We have a qubit in the lab, which is like a super-simplified plate reader, in that it only reads a single sample at a time, it only does two fluorescent colors, and the interface is made very streamlined / foolproof, but in that way loses a bunch of customizability. But anyway, we started there, running a serial dilution of a DNA of known high concentration and running it on the qubit (200uL recommended volume). We then took that same sample and ran it on the plate reader. This is what the data looked like:

So pretty decent linearity of fluorescence between 1ug to 1ng. Both the qubit and plate reader gave very comparable results. Qubit readings missing on the upper range of things for the qubit since it said it was over the threshold upper limit of the assay (and thus would not return a value). This is reasonable, as you can see by the plate reader values that it is above the linear response of the assay.

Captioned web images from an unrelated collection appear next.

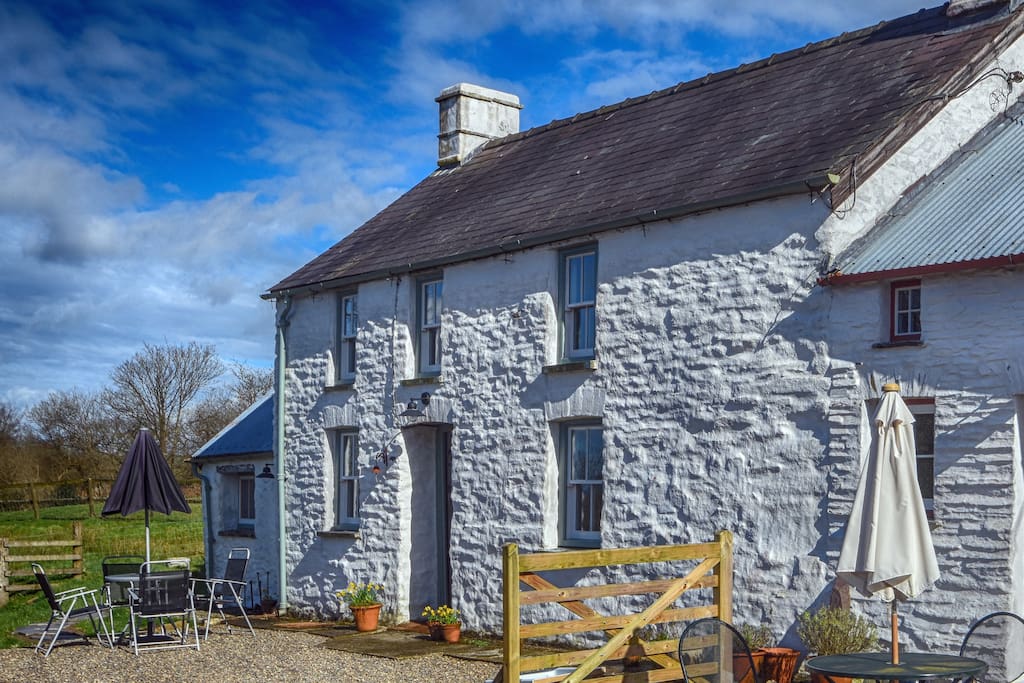 Cosy Traditional Eco Cottage Houses for Rent in Rhos 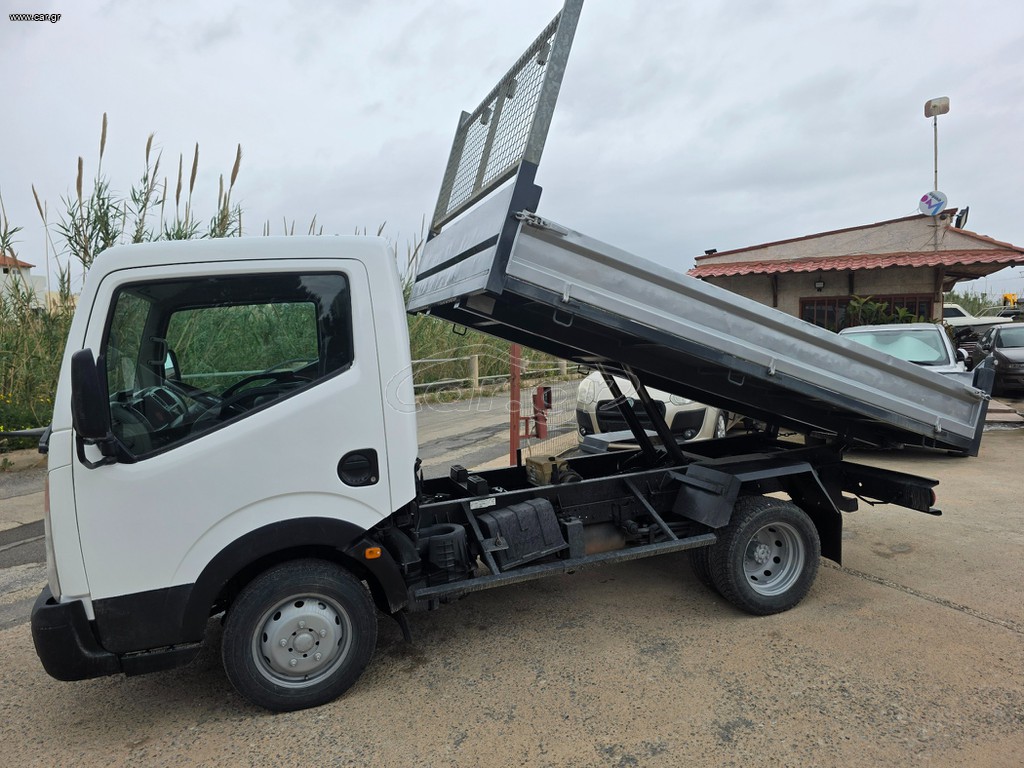 Ανατροπή Nissan 2009 CABSTAR 2.500cc Ανατροπή Διπλες μπουκαλες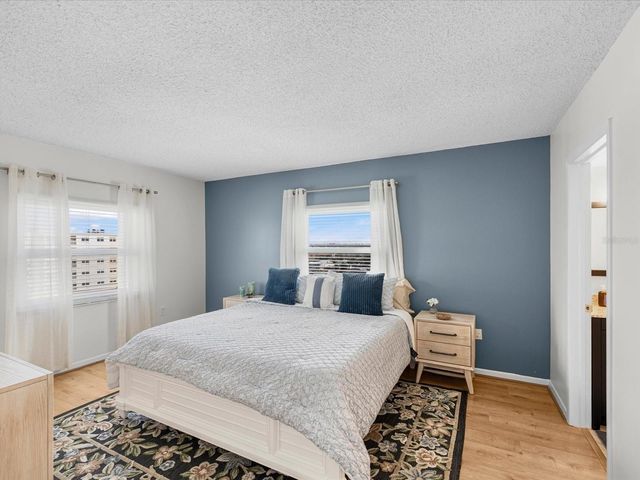17400 GULF BOULEVARD J7, St Petersburg, FL 33708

So what if you instead run the same sample as 2uL on a microvolume plate instead of 200uL in a standard 96-well plate? Well, you get the above result in purple. The data is a bit more variable, which probably makes sense with the 100-fold difference in volume used. Also seems the sensitivity of the assay decreased some, in that the results became unreliable around 10ng instead of the 1ng for the full volume in plate format, although again, I think that makes sense with there being less sample to take up and give out light.

7/3/23 update:

Just tried AccuGreen from Biotium. Worked like a charm. They suggest mixing in ~200uL of DNA dye reagent (in this case, to 1uL of DNA already pipetted in), but I tried 100uL and 50uL as well, and if anything, 100uL arguably even looked the best.

Also, I just used the same plate as Olivia had run the samples on Friday. So in running these new samples, I ended up re-measuring those same samples 3 days later. And, well, it looked quite similar. So the samples for reading are quite stable, even after sitting on the bench for 3 days.

Oh, and lastly, this is what it looked like doing absorbance on 2uL samples on the Take3 plate. Looks perfectly fine, although as expected, sensitivity isn’t nearly as much as Accugreen. That said, you do get more linearity at really high concentrations (4000 ng/uL), so that’s kind of nice.